The impacts of subspecies, diet, and age on intestinal bacterial and fungal communities were different. The bacterial community in the tiger gut was dominated by Firmicutes, Fusobacteria, Bacteroidetes, Proteobacteria, and Actinobacteria. The bacterial microbiota was significantly changed by differences in diet and age, whereas host genetic variation within species had no significant impact on the gut bacterial microbiota. Meat‐fed tigers had significantly higher abundances of Bacteroides, Fusobacterium, Collinsella, Blautia, Phascolarctobacterium, Solobacterium, Clostridium sensu stricto 7, and Faecalitalea. Milk‐fed tigers had significantly higher abundances of Bifidobacterium and Lactobacillus, while tiger cubs showed higher abundances of Bacteroides, Megamonas, Anaerotruncus, and Phascolarctobacterium. For the gut mycobiota, the dominant genera were Aspergillus, Cladosporium, Nigrospora, Gibberella, Sphaceloma, and Alternaria. The gut mycobiota in tigers showed no significant differences in beta diversity among subspecies and diet or age groups. However, significant differences were observed in alpha diversity of the gut mycobiota among different subspecies and diets.

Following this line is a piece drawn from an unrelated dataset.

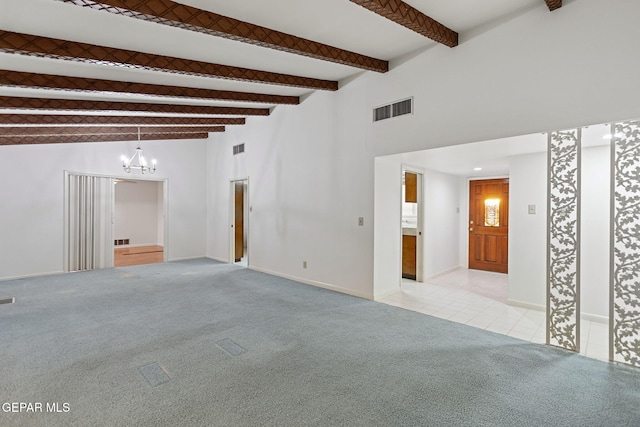 carpeted empty room with beam ceiling, high vaulted ceiling, and an inviting chandelier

Our findings expand the current understanding of the gut microbiota in tigers and even in vertebrates, and these findings provide a reference for the healthy management of tigers by modulating the gut microbiota. Moreover, this baseline information will be crucial for future studies on wildlife mycobiome.

CONFLICT OF INTERESTS

None declared.

AUTHOR CONTRIBUTIONS

HJ: conceptualization (equal); formal analysis (lead); funding acquisition (equal); writing‐original draft (lead); writing‐review and editing (equal); WC: resources (equal); LS: resources (equal); MH: formal analysis (supporting); LL: formal analysis (supporting); QS: resources (equal); GL: formal analysis (supporting); HIA: writing‐review and editing (equal); LL: investigation (supporting); XZ: investigation (supporting); HL: investigation (supporting); JC: conceptualization (equal); funding acquisition (equal); resources (equal); supervision (lead); writing‐review and editing (equal).

ETHICS STATEMENT

This study was carried out following the recommendations of the animal experimental inspection form of the Guangdong Institute of Applied Biological Resources (permit number: GIABR20171101). The protocol was approved by the Committee on the Ethics of Animal Experiments of the Guangdong Institute of Applied Biological Resources.